Allen Ginsberg and friend, India, 1963

Corbis

“Wanting approval is a kind of aggression.” -Allen Ginsberg

Normally, this is the time of the year when we’re, anxiously, taking stock of the past year, and making resolutions, some grandiose, some gross, for the New Year. But let’s face it: 2016 has not been a normal year. 2016 is the year that I predict that 60 years from—assuming that there’s some kind of Mad-Max-Beyond-Hot-Topic planet, still capable of sustaining life—high school kids will be studying our fear, loathing and small-handed government, miles below the earth, safely ensconced in the bunkers left over from the race wars, and eventually gutted by the feral cat wars, nudging their pet sexclones/BFF, “Jesus, Jerry5, can you believe this crap? What was wrong with those morons? And hey, did you finish all the armadillo milk? Your turn to go raiding in the Forbidden Zone. Bring the monkey; he’s got the assault rifle this week.”

So, if you’re still having a hard time wrapping your head around our new leader (*giggles*), if things seem too damn real...yeah, join the club.

A system of tubes and cat images.

And maybe, given our flammable atmosphere, one’s New Year’s Resolutions have the propensity to go a little haywire, and cause more harm than good. If you’re frustrated, exhausted, and general fearful of what the future holds, maybe this is a great time to resolve to throw out the script and do all those things you’ve kept in your heart, all those things that both stimulate and terrify you...what exactly do you have to lose?

I think many of us create resolutions as a way of manifesting some kind of higher order in an indifferent universe, but come on, with 2016, I think all bets are off. I can only imagine that end-of-the-world cults must be making money hand over subjugated fist, right about now. Fear is a helluva drug.

But the other side of every fear, as the cliche goes, is the ultimate freedom. (And yes, that’s also scary.) But spoiler alert: this is your life.

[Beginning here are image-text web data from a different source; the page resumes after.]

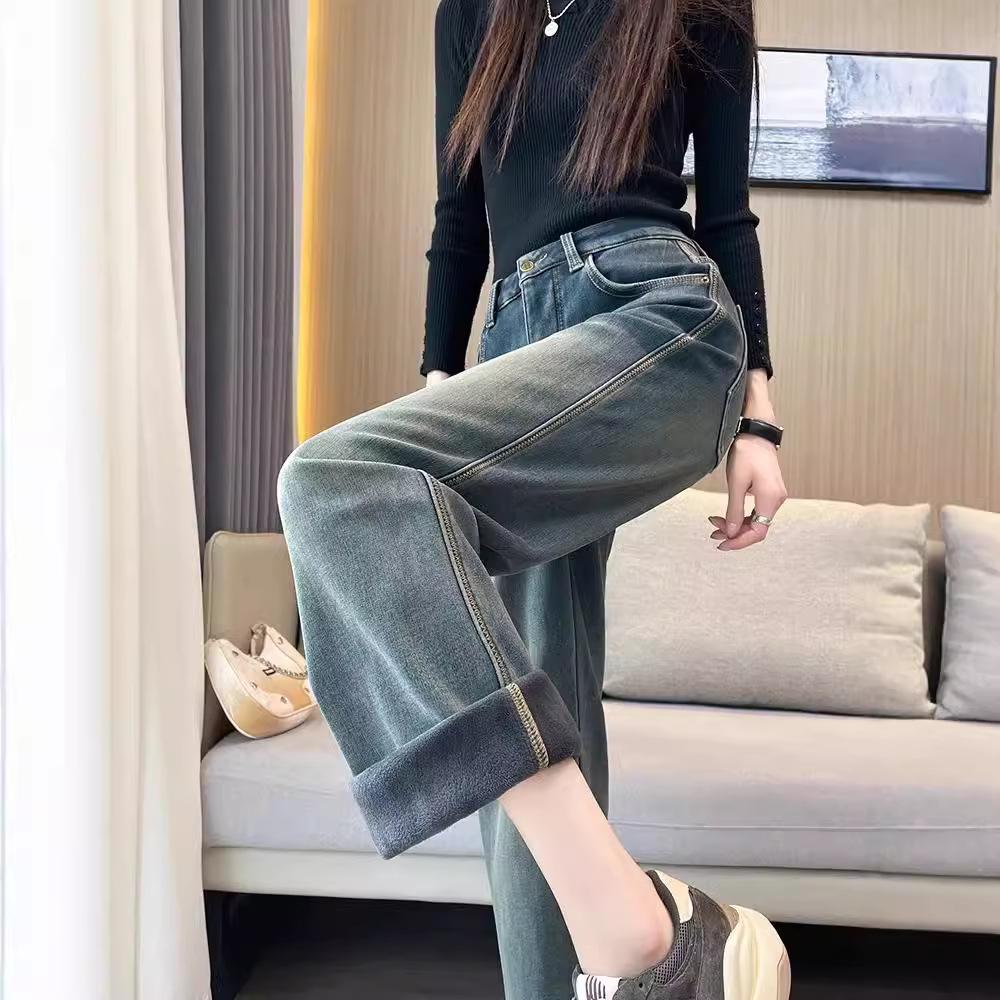 Dámské plyšové džíny s vysokým pasem a širokými nohavicemi - Zimní 2024 Retro rovné kalhoty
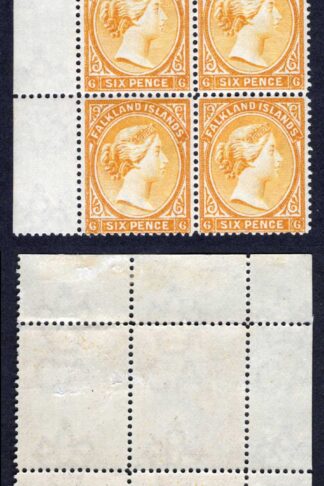 Falkland Is SG33x 6d Orange-yellow Wmk Reversed Corner Block (2 x U/M) Cat 360++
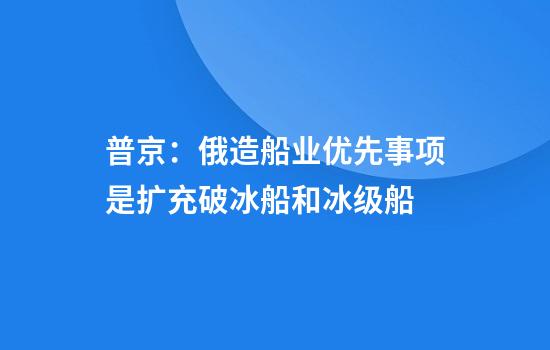 普京：俄造船业优先事项是扩充破冰船和冰级船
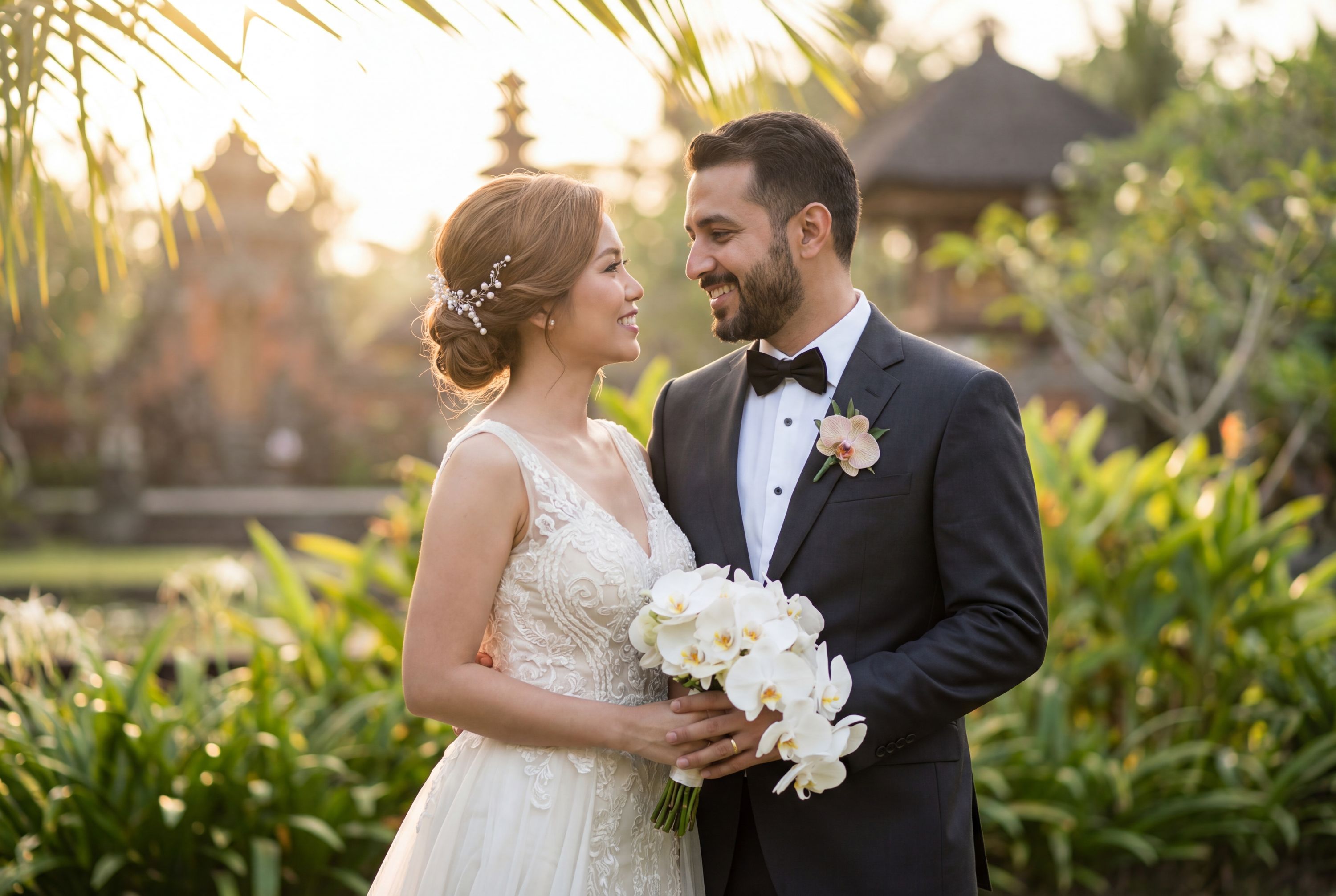 Bali wedding photography – AI-generated destination wedding photo by Weddingify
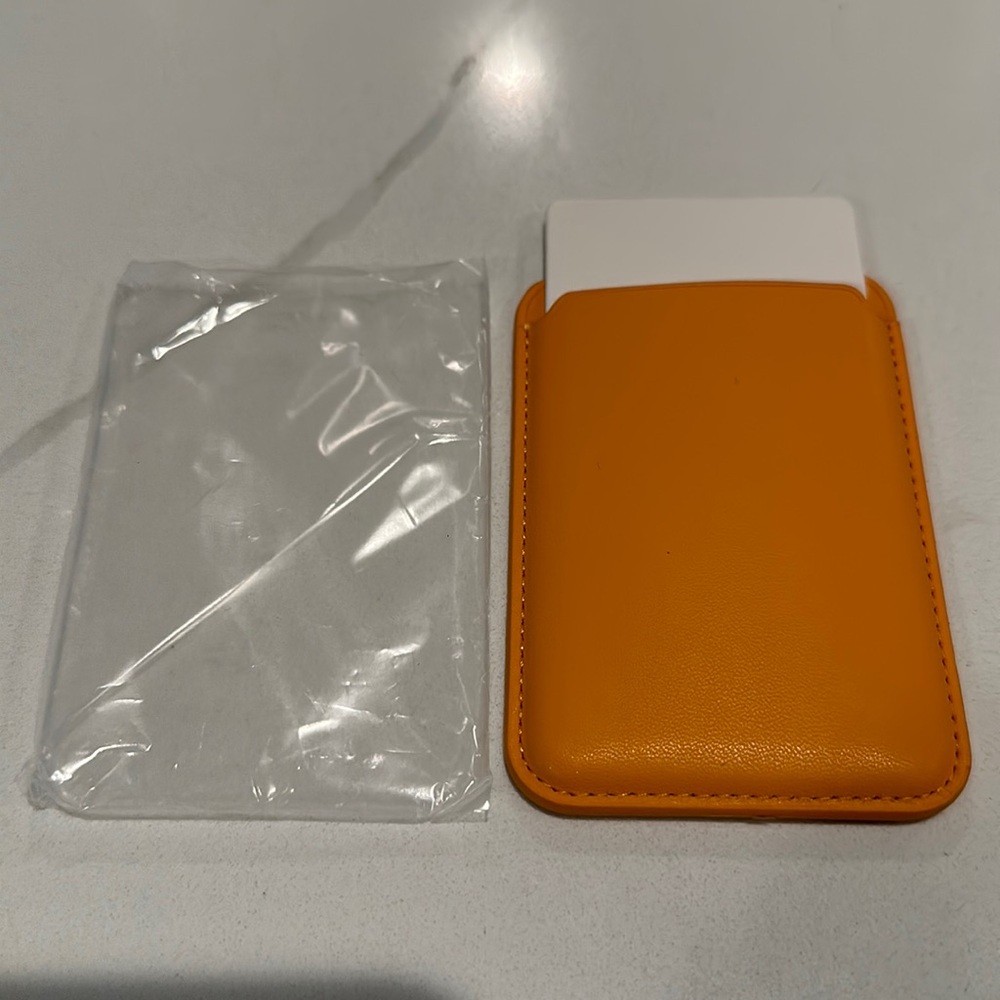 Slim Men Women Leather Yellow Wallet Business Credit Card ID Thin magnet safe
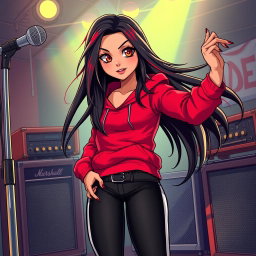 A charismatic Latina vampire rockstar with mesmerizing brown eyes, long flowing dark hair with red highlights, and a tan complexion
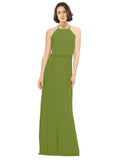 Olive Green A-Line Jewel Sleeveless Long Bridesmaid Dress Ariel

The good parts and the bad. This is what we’ve got to work with.

Nelson Mandela’s ticker-tape parade through NYC, 1990

Nelson Mandela’s ticker-tape parade through NYC, 1990

“May your choices reflect your hopes, not your fears.”-Nelson Mandela.

I remember that day, as if it was yesterday. I had played hooky from high school to hang out with my boyfriend, and we watched the parade on TV, silent and awed by the magnitude of the history we were watching. Routinely we turned to each other, and sort of giggled, in utter shock: was this really happening?

This was probably the moment I became a history slut nerd. To see this man move through the streets, and to see the streets rise up to greet him, crying out in need, one could almost touch, though the TV, his empathy and hope.

Resolutions can be wonderful things, a way for us to commit to our passions and potential, a way for us to create a road-map of our ambition, and make order of the convoluted universe inside all of us. But sometimes, these same resolutions can become a form of self-inflicted punishment, for all the things we didn’t do. For all our fears. For all that we’re not. For simply being human, and all our necessary imperfections.

Don’t get it twisted: 2016 has been a brutal year. All of us—winners and losers—are walking wounded. All of us are lonely and bleeding. All of us are scarred.

If you’re considering a resolution-free New Year, a New Year in which you simply decide to get reacquainted with yourself, and by extension, your country...well, who could blame you? The deepest, truest part of yourself knows what you need. Will you listen to yourself? Will you trust yourself.

Walt Whitman

Walt Whitman

“I exist as I am, that is enough.” - Whitman

Perhaps forgiveness could be your first, and last, resolution for 2017.